# What is needed
What is needed is the full set of records, word for word, with no pictures.

═════ Data section

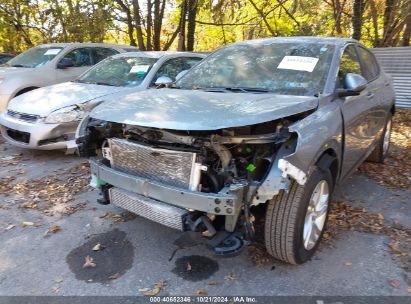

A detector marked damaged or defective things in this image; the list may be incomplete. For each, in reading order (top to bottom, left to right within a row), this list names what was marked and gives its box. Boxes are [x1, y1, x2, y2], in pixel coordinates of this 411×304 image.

broken headlight assembly [43, 104, 85, 123]
crumpled hood [8, 82, 133, 116]
crumpled hood [91, 88, 320, 130]
damaged gray suv [77, 37, 396, 264]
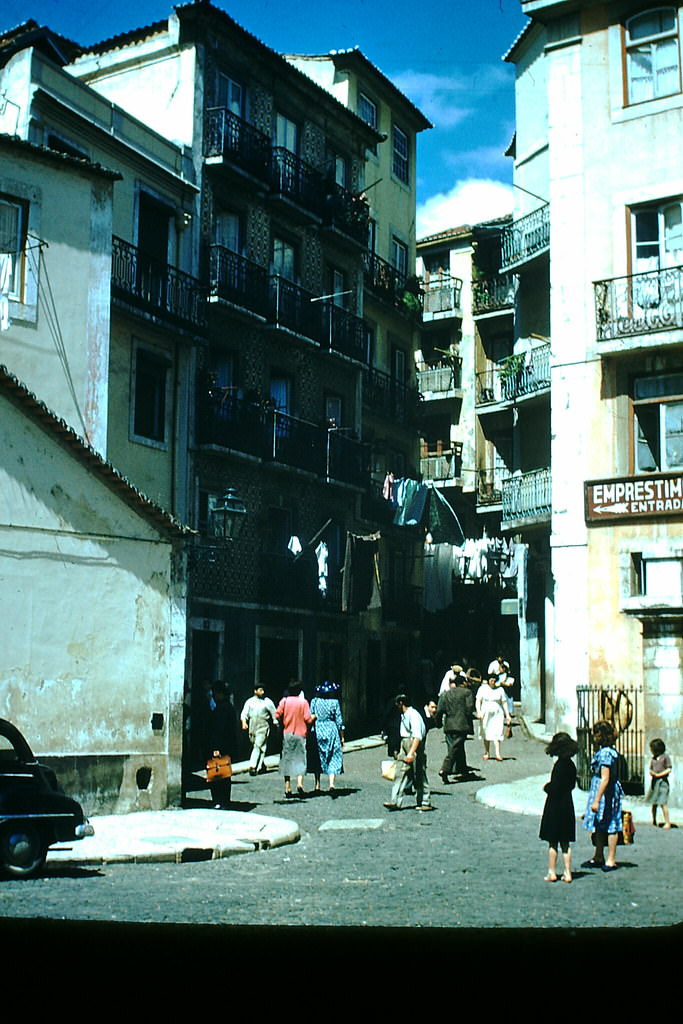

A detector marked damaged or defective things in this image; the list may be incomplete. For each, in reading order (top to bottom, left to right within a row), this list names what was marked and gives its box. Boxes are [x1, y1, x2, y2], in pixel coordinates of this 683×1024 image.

peeling plaster wall [0, 389, 187, 806]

══════════

# Task solution
A detector marked damaged or defective things in this image; the list may be incomplete. For each, in reading order (top to bottom, left to right within a row), this list names what was marked and gives its box. Boxes are [x1, y1, x2, y2], in pixel coordinates of this 411×304 image.

broken headlight assembly [43, 104, 85, 123]
crumpled hood [8, 82, 133, 116]
crumpled hood [91, 88, 320, 130]
damaged gray suv [77, 37, 396, 264]

A detector marked damaged or defective things in this image; the list may be incomplete. For each, in reading order (top to bottom, left to right within a row), this list names what was marked and gives its box. Boxes are [x1, y1, x2, y2], in pixel coordinates of this 683×1024 image.

peeling plaster wall [0, 389, 187, 806]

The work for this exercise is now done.